Task item >> Copy out each line of the listing below in which the string "with" occurs.

Listed entries >>
>>>

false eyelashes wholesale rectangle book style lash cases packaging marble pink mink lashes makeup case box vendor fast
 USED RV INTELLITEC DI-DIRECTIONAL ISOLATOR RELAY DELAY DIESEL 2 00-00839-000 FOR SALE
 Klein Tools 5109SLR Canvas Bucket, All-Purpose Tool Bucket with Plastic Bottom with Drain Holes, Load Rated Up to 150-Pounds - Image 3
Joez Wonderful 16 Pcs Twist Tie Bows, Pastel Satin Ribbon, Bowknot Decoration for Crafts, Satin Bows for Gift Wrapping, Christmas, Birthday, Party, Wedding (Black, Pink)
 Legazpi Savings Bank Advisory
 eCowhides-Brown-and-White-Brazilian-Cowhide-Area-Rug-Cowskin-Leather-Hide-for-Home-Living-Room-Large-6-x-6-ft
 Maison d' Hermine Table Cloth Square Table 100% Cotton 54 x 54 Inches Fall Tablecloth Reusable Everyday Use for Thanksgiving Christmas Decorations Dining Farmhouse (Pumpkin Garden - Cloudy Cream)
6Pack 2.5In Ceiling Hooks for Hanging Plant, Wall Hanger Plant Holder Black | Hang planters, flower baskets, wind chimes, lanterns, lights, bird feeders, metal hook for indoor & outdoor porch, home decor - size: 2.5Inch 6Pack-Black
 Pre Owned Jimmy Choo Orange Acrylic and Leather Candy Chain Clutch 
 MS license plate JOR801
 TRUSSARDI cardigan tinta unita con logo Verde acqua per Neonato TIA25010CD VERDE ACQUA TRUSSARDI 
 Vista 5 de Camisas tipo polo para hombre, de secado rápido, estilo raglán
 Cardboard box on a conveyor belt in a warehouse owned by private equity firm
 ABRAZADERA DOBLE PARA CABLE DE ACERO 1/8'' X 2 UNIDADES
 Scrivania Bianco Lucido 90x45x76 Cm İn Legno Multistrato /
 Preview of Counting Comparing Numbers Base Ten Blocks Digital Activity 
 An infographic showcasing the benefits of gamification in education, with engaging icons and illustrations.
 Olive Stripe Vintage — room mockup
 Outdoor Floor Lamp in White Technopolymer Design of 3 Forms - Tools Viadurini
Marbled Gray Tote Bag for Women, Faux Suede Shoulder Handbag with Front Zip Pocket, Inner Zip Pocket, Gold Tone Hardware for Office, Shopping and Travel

<<<

Result below >>
 Klein Tools 5109SLR Canvas Bucket, All-Purpose Tool Bucket with Plastic Bottom with Drain Holes, Load Rated Up to 150-Pounds - Image 3
 An infographic showcasing the benefits of gamification in education, with engaging icons and illustrations.
Marbled Gray Tote Bag for Women, Faux Suede Shoulder Handbag with Front Zip Pocket, Inner Zip Pocket, Gold Tone Hardware for Office, Shopping and Travel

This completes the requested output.